Las napolitanas de chocolate de los noventa no son como ahora. Mi estómago tampoco
Antes podía comerme dos bolsas llenas de chuches viendo una peli de miedo. Hoy me basta con mirar las chuches de lejos para sentirme enferma
A veces, todo lo que una chica le pide a la vida es poder pegarle un bocado a una de esas napolitanas cubiertas de sucedáneo de chocolate y rellenas de grasa hidrogenada texturizada que vendía Panrico en las cantinas de instituto y en los quioscos en los noventa. Cincuenta pesetas eran el precio justo de la felicidad. No me nubla la vista la nostalgia. No. Creo que hablo en nombre de todos cuando digo que cuando teníamos dieciséis años y nos las atascábamos de dos en dos a la hora del recreo ya éramos conscientes de que eran pura maldad para nuestros cuerpos. Droga de diseño industrial, suculenta y adictiva, sí. Comida basura, a fin y al cabo. Pero nuestras venas latían hinchadas de sangre joven y vigor adolescente. Las cuestiones de la alimentación saludable y la obturación de las arterias, por aquel entonces, se ceñían al ámbito de la Mía, la Integral y la Cuerpomente, el revistero de la sala de espera del dentista y los magazines matinales televisivos, y todo eso nos pillaba en clase o dando vueltas por la calle. En nuestro estómago vivía un cocodrilo como el que moraba en el fregadero de Los Picapiedra, al que daba igual lo que le echases: todo lo engullía, y nos daba la risa al ver a nuestros padres tomar sal de frutas contra la acidez, salir a dar un paseo después de comer para ayudar a la digestión, o pedir verdurita hervida o una simple manzana al horno para cenar.
Podíamos pasar la noche viendo películas de terror a oscuras en el salón, con el Dolby Susurrón recién estrenado a todo lo que daba, o encerrados en un cuartucho jugando a matar marcianitos en el ordenador, sin gafas de ver de cerca, cenando a base de pizza, Risketos y Nocilla tomada con un cuchillo de punta redonda directamente del tarro, y levantarnos al día siguiente para hacer un examen, no frescos como una rosa, pero sí tan frescos como si hubiésemos comido doradita a la plancha y ensalada. La adolescencia es eso: mirar a los frutos secos con condescendencia, hormonas, sudor, olor a pies y poderío gastrointestinal.
Al cruzar la barrera de los cuarenta, mi cuerpo ha empezado a comunicarse conmigo mediante un lenguaje totalmente nuevo y sorprendente que incluye un colorido repertorio de ruidos intrigantes, incomodidades ventrales sin nombre definido, burbujeos sospechosos a la altura del esternón y una poderosa atracción por el sintagma “refuerzo lumbar”. Antes podía comerme dos bolsas llenas de chuches viendo una peli de miedo. Hoy me basta con mirar las chuches de lejos para sentirme enferma.
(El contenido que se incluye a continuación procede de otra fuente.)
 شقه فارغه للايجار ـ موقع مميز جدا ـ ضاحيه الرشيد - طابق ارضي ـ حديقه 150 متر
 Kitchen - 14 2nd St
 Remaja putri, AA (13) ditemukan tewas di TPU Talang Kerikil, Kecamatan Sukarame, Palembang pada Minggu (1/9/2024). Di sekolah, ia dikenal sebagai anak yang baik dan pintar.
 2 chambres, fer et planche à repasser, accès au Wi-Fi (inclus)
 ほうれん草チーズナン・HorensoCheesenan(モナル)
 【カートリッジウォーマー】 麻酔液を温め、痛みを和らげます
Estamos a 17 de enero y aún no me he recuperado de las comilonas navideñas. Ayer estuve una hora dando vueltas con el coche buscando acelgas frescas. Los Reyes me trajeron una cajita de bombones y la tengo a mi lado mientras escribo, sin desprecintar. ¡Con lo que habíamos sido! Y para lo que hemos quedado.
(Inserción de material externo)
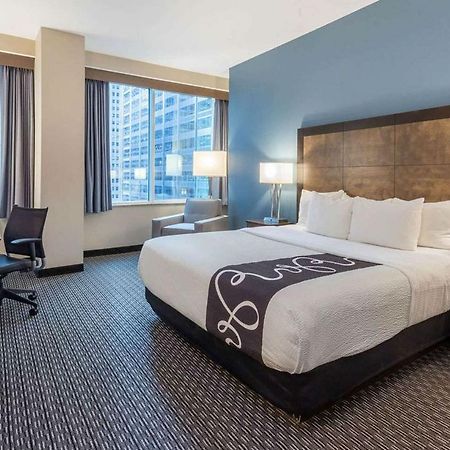 La Quinta Inn & Suites By Wyndham Chicago Downtown Экстерьер фото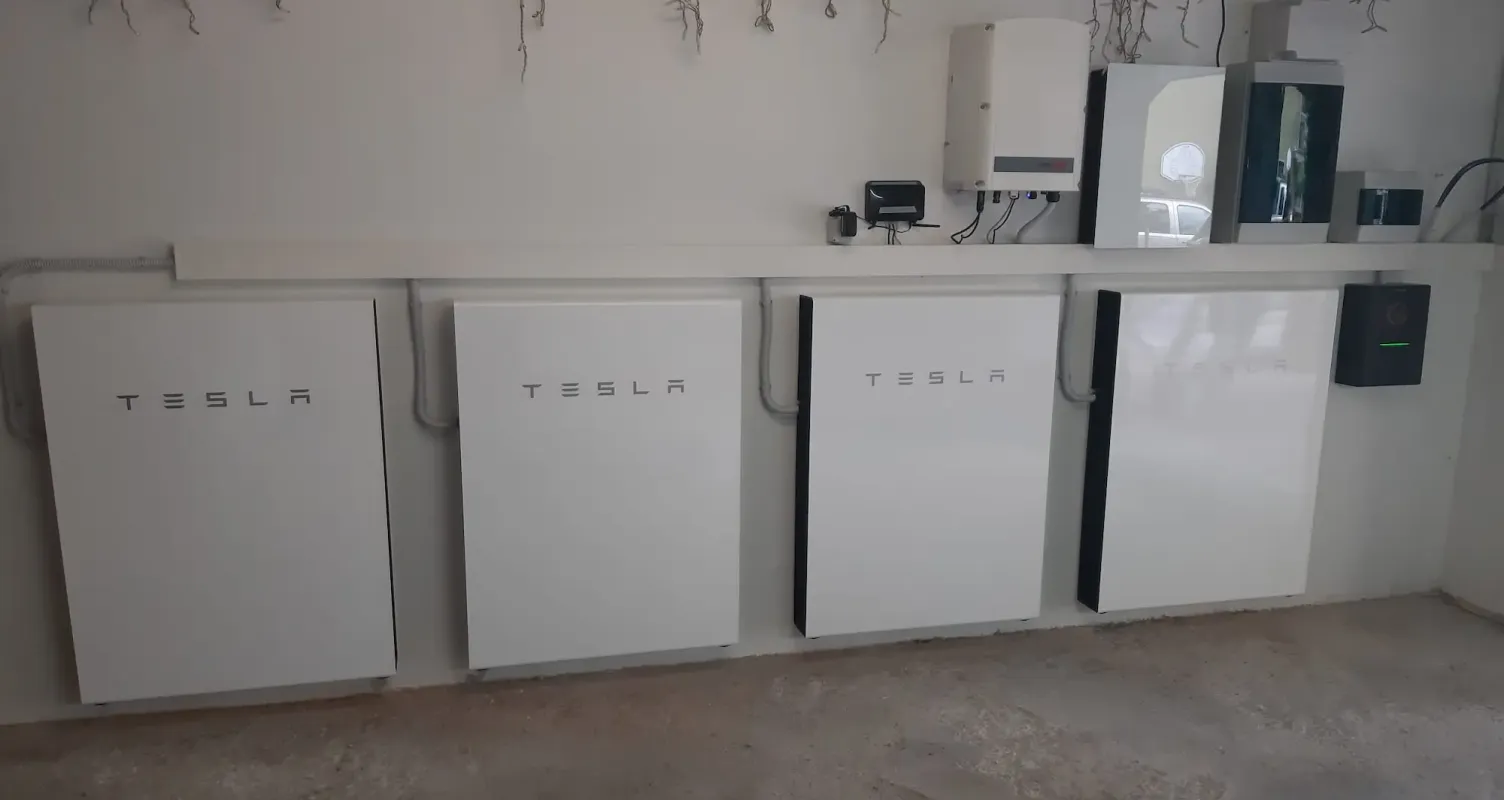 Tecnico che collega una batteria di accumulo a un inverter fotovoltaico.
La decadencia no termina aquí: este último año me he partido dos muelas comiendo chicharrones. Lo más sensato sería, este 2025, proponerme firmemente renunciar a ellos, pero haciéndolo renunciaría a una parte muy grande del pastel de mi felicidad. Seguiré fiel al mantra que rige los de mi linaje: “antes una vida sin premolares que una vida sin chicharrones”, pero voy a tener que aprender la técnica de la abuela Juanita, que se ponía uno pequeñito encima de la lengua, se lo paseaba por la boca y lo ablandaba durante horas hasta que lo fundía, como un caramelo.
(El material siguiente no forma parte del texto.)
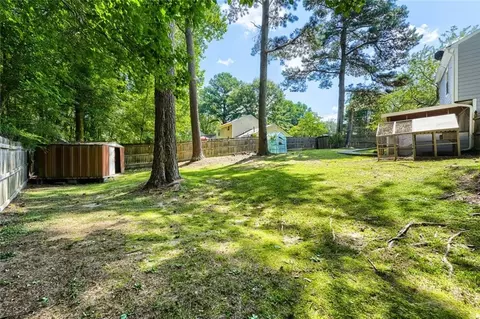 Exterior - 2635 Meadow Bend Ct, Duluth, GA 30096 photo 6 of 7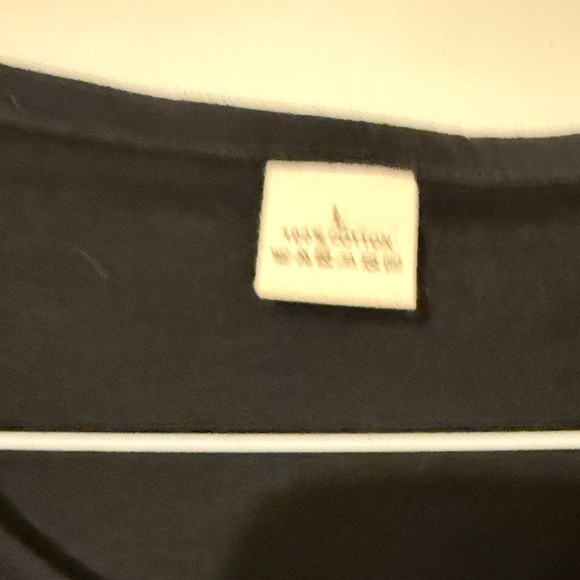 Black Sleeveless Graphic Tee - Picture 3 of 4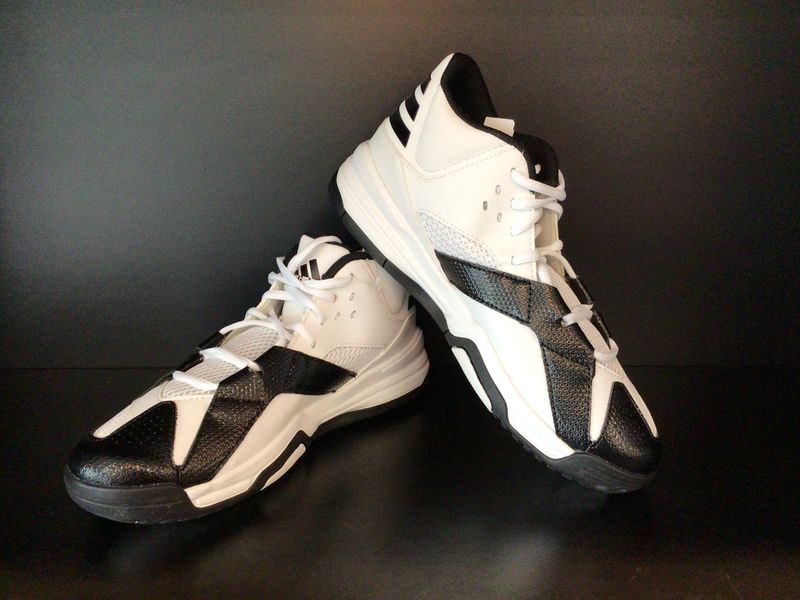 Adidas Mens Basketball Shoes First Step US9 (EC4948)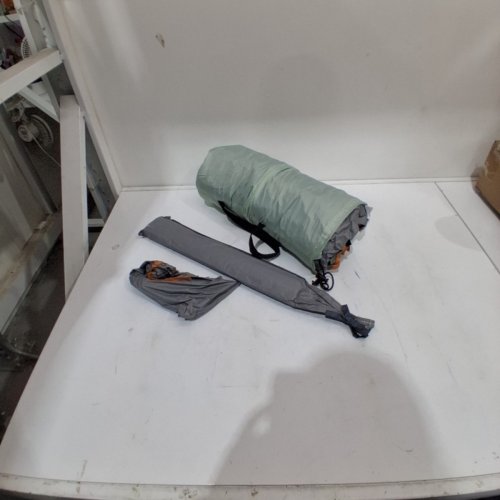 AMAZON BASICS CAMPING SUN SHELTER- 7FT X 4FT - GREY\ORANGE image 2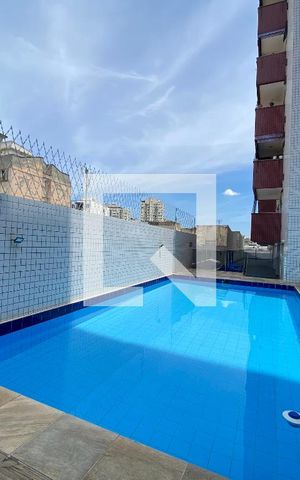 Apartamento à venda com 190m², 4 quartos e 2 vagas Apartamento à venda com 190m², 4 quartos e 2 vagasÁrea comum - Piscina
Como en Reyes no se celebran los regalos, sino la magia, la infancia y la ilusión de que todo sea posible, cuando celebramos los bollos industriales de nuestra adolescencia no los celebramos a ellos; celebramos que éramos jóvenes. Hoy, enfrento dos grandes problemas en la vida: ni mi estómago es lo que solía ser, ni las napolitanas de Panrico son como las de antes.